=== Begin Enclosure ===

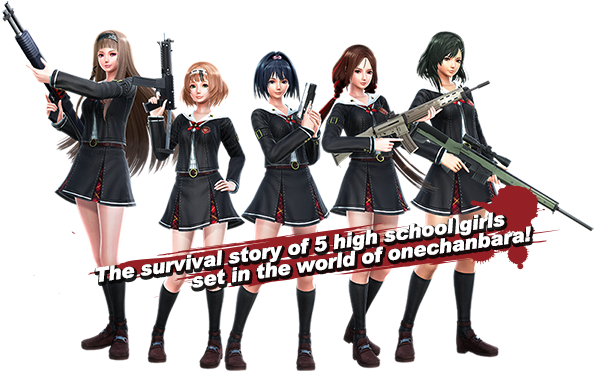 Image - School Girl/zombie Hunter (600x384), Png Download
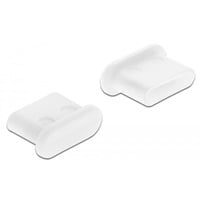 DeLOCK 64095 copertura antipolvere per porta 10 pz USB tipo-C, Cappuccio di protezione bianco, USB tipo-C, Polietilene (PE), Bianco, 6,5 mm, 9,8 mm, 4 mm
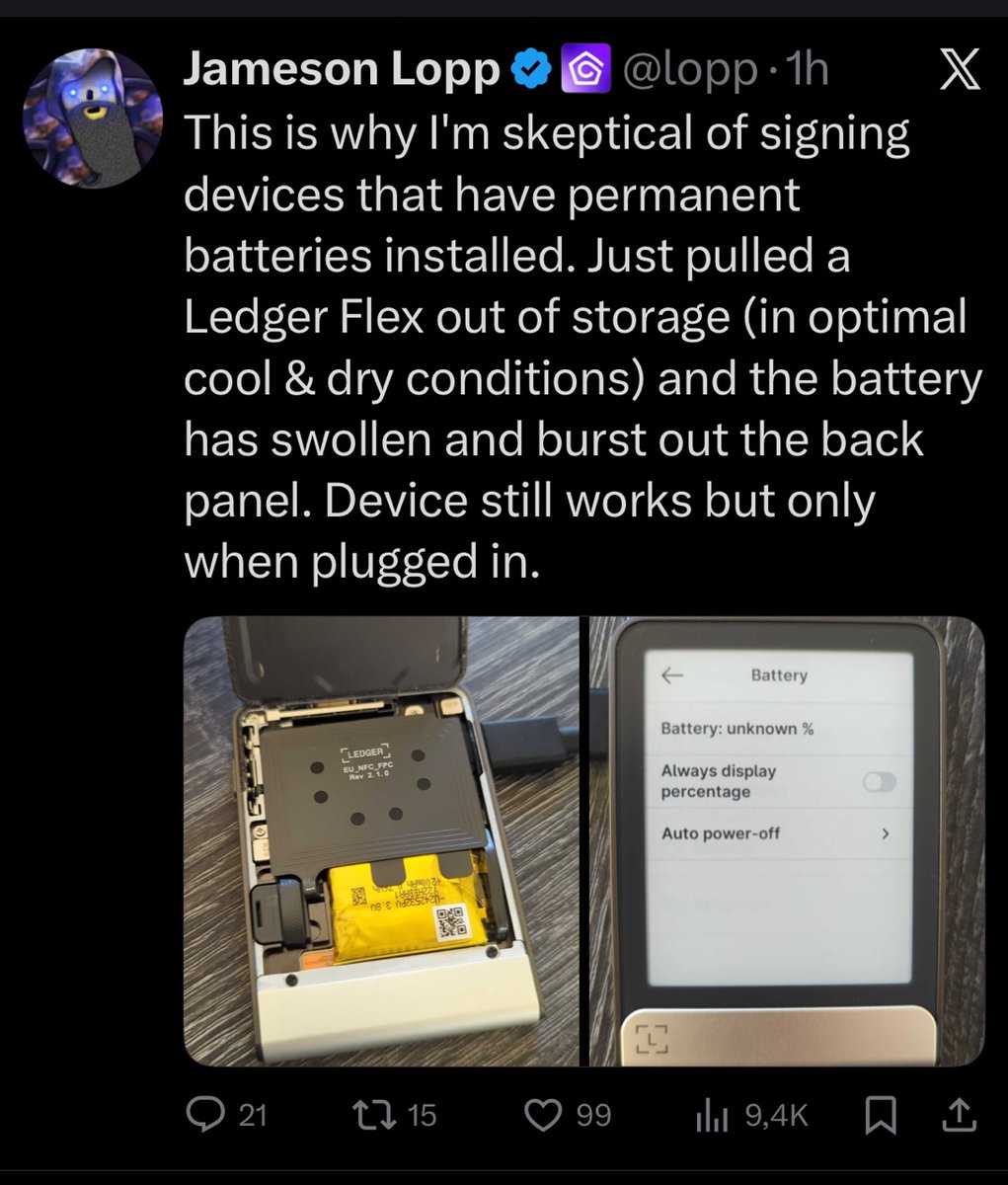 BC Vault Crypto Hardware Wallet tweet media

=== End Enclosure ===

* **What you need to do**
Word for word, reproduce all the data, but not the pictures.

* **Reply**
 Image - School Girl/zombie Hunter (600x384), Png Download
 DeLOCK 64095 copertura antipolvere per porta 10 pz USB tipo-C, Cappuccio di protezione bianco, USB tipo-C, Polietilene (PE), Bianco, 6,5 mm, 9,8 mm, 4 mm
 BC Vault Crypto Hardware Wallet tweet media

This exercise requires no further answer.